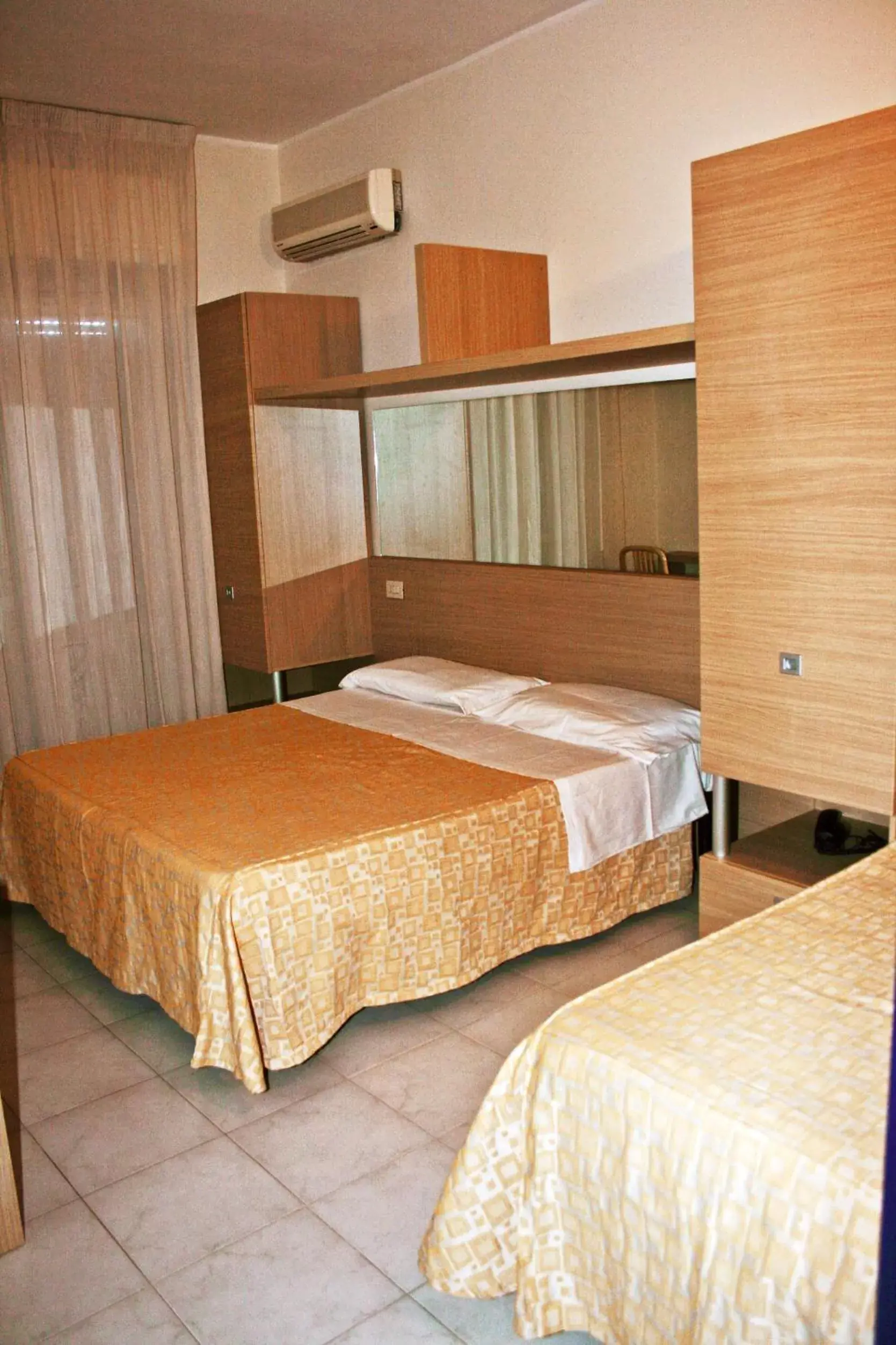 Bed in Hotel Felicioni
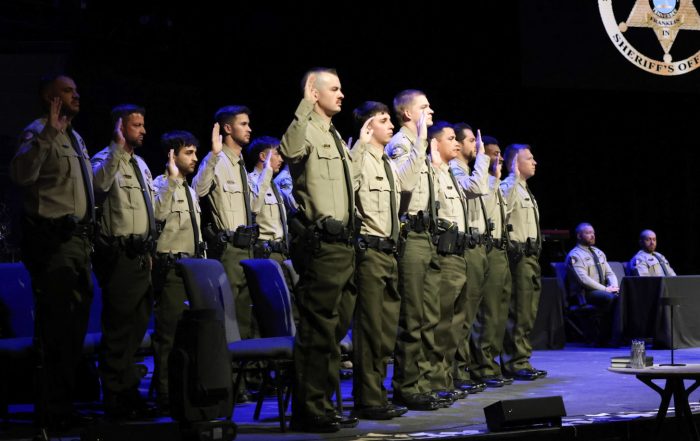 A group of uniformed individuals stand with their right hands raised in an oath during a ceremony. They are wearing light-colored shirts and dark pants, with badges and utility belts. A sheriff's office logo is visible on a screen in the background.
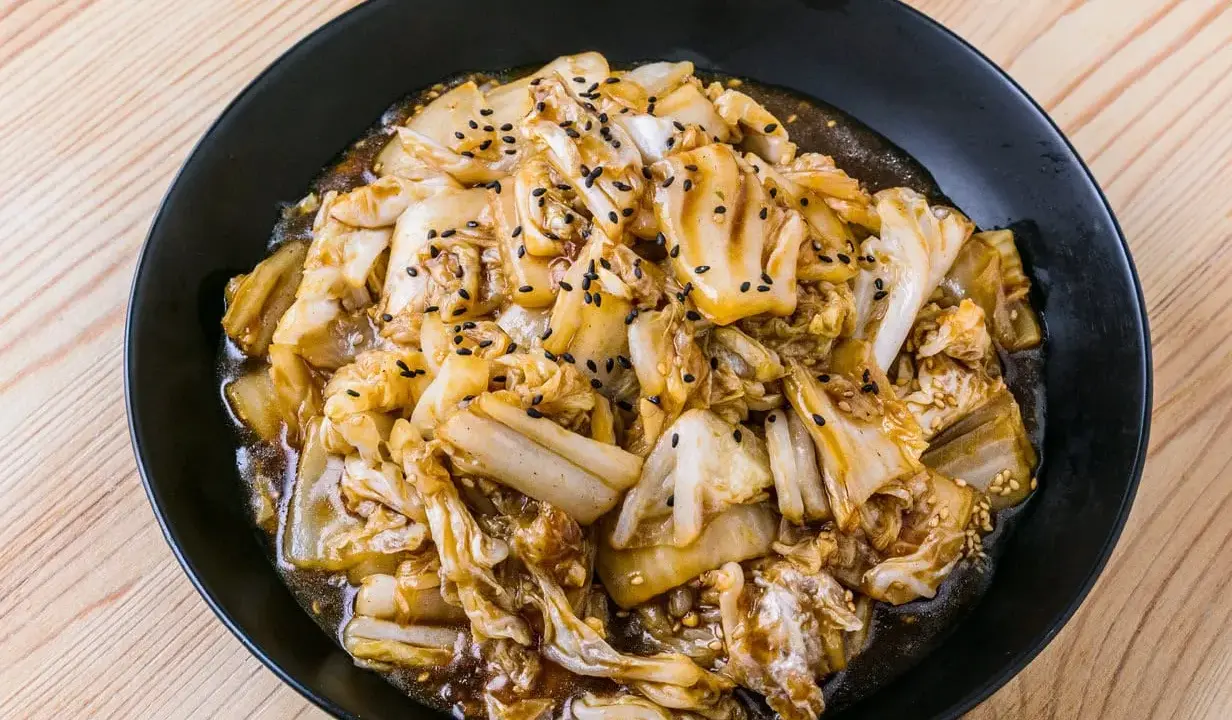 Un plat de recette pak choï sauté, garni de graines de sésame noires et blanches, sur une assiette noire.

Task objective:
Retype each line of the listing above word for word. Exclude the pictures.

Solution to the exercise:
 Bed in Hotel Felicioni
 A group of uniformed individuals stand with their right hands raised in an oath during a ceremony. They are wearing light-colored shirts and dark pants, with badges and utility belts. A sheriff's office logo is visible on a screen in the background.
 Un plat de recette pak choï sauté, garni de graines de sésame noires et blanches, sur une assiette noire.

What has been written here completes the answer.